Summer is historically a time when the reality of a
transition sets in for many people due to new jobs, new locations, new schools,
different schools, and new or changing friendships. Transitions are never easy
and, when we watch how they affect our children, we feel the difficulty for
them as well as ourselves. How can we, as mothers, help our kids make
transitions? And what can we learn about ourselves in the process? Here’s what
I learned in the midst of our transition:
Take the Long View
With change, I know there will be a time of transition, but I
often don’t give myself grace when negative or uncertain emotions emerge. I’ve
been hyper-aware of this because I so often respond similarly to my children; I
expect them to move through a transition like our recent one with a positive
attitude and immediate acceptance of all the changes it brings for them. I’ve
discovered that I’m uncomfortable with negative emotions during a transition
because they feed my fear that we’ve made a bad choice, because I want to
protect my children from difficult moments, and because I’m typically dealing
with my own uncertainties. I made a conscious effort to think of our transition as a long transition rather than a short one, which was my way of
giving grace to myself and to my kids and of being open to the difficult days
that came and will surely come again.
Taking the long view of a transition not only helps us give
grace, but it helps us teach our kids how to give grace to themselves. I told
my children, “In this transition, you’ll have times where you don’t know what
to do and when you feel uncertain. That’s OK.” And then I gave them some ways
they could respond, whether to themselves, to other kids, or to me.
Help Kids Name Emotions
Every kid is different and their responses will be different to
the challenges of transition. One of my sons had more difficulty with our
schooling transition than the other two. The way he indicated his
nervousness, however, was difficult to recognize as nervousness. Instead
of typical nervousness, I saw a bad attitude and disrespectful behavior. A
wise mom in our church who I sought for help said, “He is nervous about the
change and this is how he’s showing it.” I knew immediately she was right. I
had been focusing on his behavior, but he really needed me to help him name and
respond to his emotions. He needed a compassionate mom who asked for and
listened to his true thoughts and feelings without frustration or fear.
Help Kids Answer
Questions About the Transition
Grandparents, family friends, and friends from church will be
eager to hear about the transition at a time when kids are experiencing a range
of emotions and are not eager to focus on it.
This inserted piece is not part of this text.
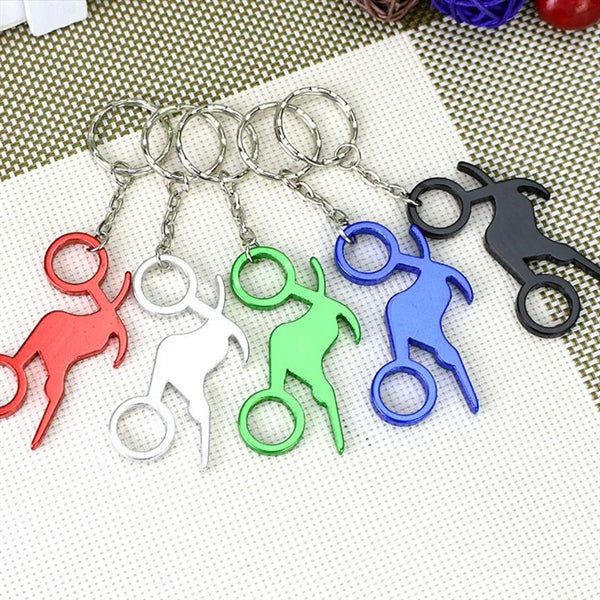 Motorcycle Shape Bottle Opener Keychains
Especially if they are reluctant
to talk about it, help them think of 2-3 things about the transition they’re
enjoying and prepare how they’ll talk about those 2-3 things.
Practice What You Can
Practice
Most of our difficulties with transitions come from unknowns;
we can’t imagine ourselves in our new house, new city, a new school, or with
new friends. The same goes for our children. How will I know how to get to my classes? Where can we play in our new
city? What if I don’t have any friends? It is vitally important that we
help our children practice and prepare for what we can. Does the new school
require uniforms? Practice putting on belts and tucking in shirts. Has a valued
friend moved away? Role play asking a new friend to play or to join them for
lunch.
Celebrate Victories
With so many challenges and unknowns to overcome in a
transition, it’s important to find reasons to celebrate victories,
accomplishments, and perseverance with our children. Celebrate a milestone in a
new city, a new friend made, a school achievement, or a willingness to try
something new with a surprise dessert or pointed words of encouragement. Our
family simply celebrated finishing the first week in our new school by having a
fun, kid-centric night out and talking through the highlights.
Ease up on Lesser
Priorities
A friend who went through a transition with her kids last year
gave me this advice: “Don’t push too many activities outside of school and
church. Your kids will need mental, physical, and emotional space as they
process this change.” I took her advice and found it extremely helpful in maintaining the sanity of our family as we all made the transition. We needed space to rest and process our emotions that
activity upon activity would have squeezed out.
Pray for Your Kids In
Front of Your Kids
There were times through our transition when I put on a
brave face for my kids but was inwardly wrestling with fear and doubt. As
I prayed about my own concerns, I recognized that I needed to be more open with
my kids about how I was handling the changes. They needed to hear me praying
for them and asking God to help us through our transition, primarily because it
would encourage them to trust God for help when they are uncertain. I began asking
them individually what they were concerned about and praying for them out loud.
This not only brought peace to our home but it strengthened my faith as well.
Transitions are difficult; there is just no way around it, and
we experienced it as a family this year. However, we've experienced something else. God taught and grew my children through the bittersweet blessing of
change. And, without a doubt, He taught and grew me, too.